Apple, Facebook, Google, Microsoft, and Twitter have all said they would never do such a thing.
According to Reuters, Yahoo built in 2015, at the US government’s request, software that scans literally all emails for certain information provided by either the National Security Agency or the FBI. The software was never mentioned in Yahoo’s biannual transparency report. In the latter half of 2015, the company received 4,460 total government data requests, for 9,373 accounts, that it would classify as “Government Data Requests,” a category that includes National Security Letters from the FBI and Foreign Intelligence Surveillance Act requests.
According to the Reuters report, the Yahoo programme was known to only a handful of employees.
A Facebook representative said “Facebook has never received a request like the one described in these news reports from any government, and if we did we would fight it.”
Google said the same: “We’ve never received such a request, but if we did, our response would be simple: ‘no way.’”

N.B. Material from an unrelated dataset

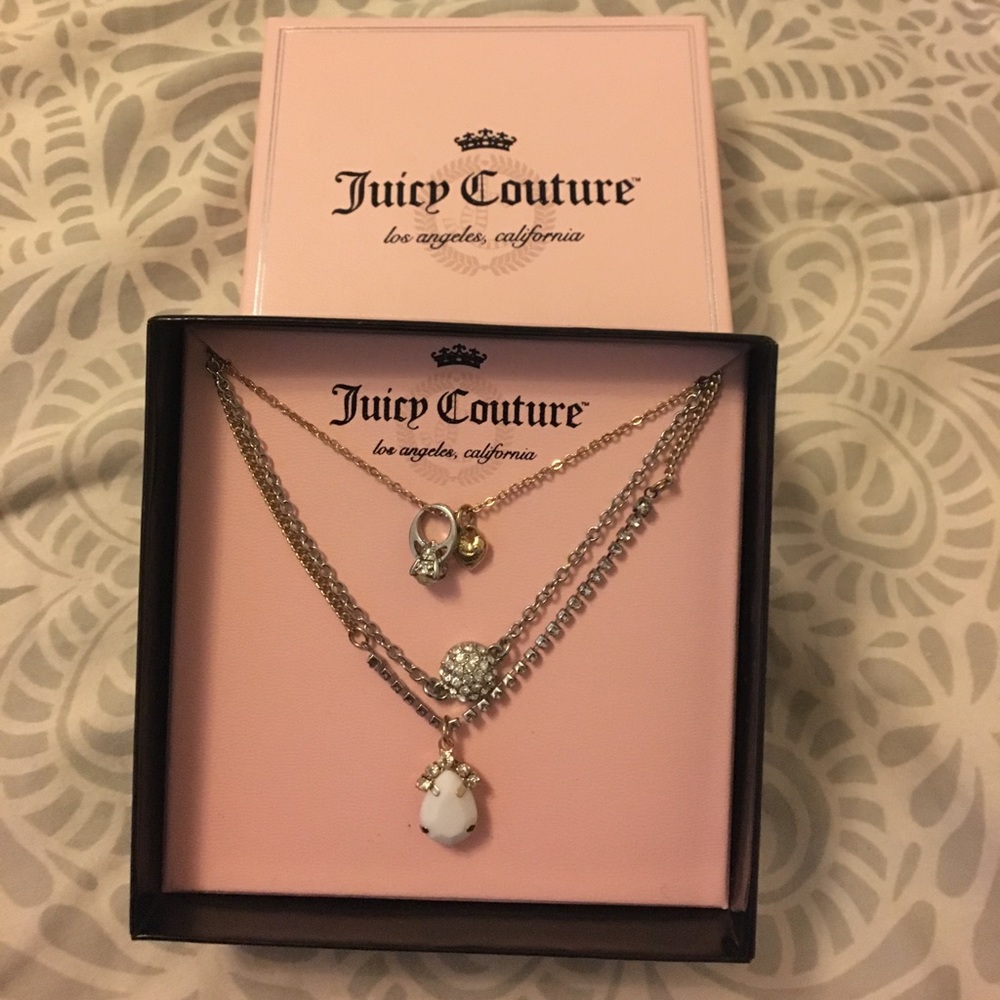 Necklace trio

A Microsoft spokesperson added: “We have never engaged in the secret scanning of email traffic like what has been reported today about Yahoo.”
A representative for Twitter replied that: “We’ve never received a request like this, and were we to receive it we’d challenge it in a court. Separately, while federal law prohibits companies from being able to share information about certain types of national security related requests, we are currently suing the Justice Department for the ability to disclose more information about government requests.”
While Apple declined to give a statement on the record it has previously said it would never do anything like that.
Yahoo is coming out looking like the bad guy. It is in talks to be acquired by Verizon, but also facing another scandal for suffering the largest known user data leak in history, with 500 million users’ information exposed. However it failed to mention it to its users.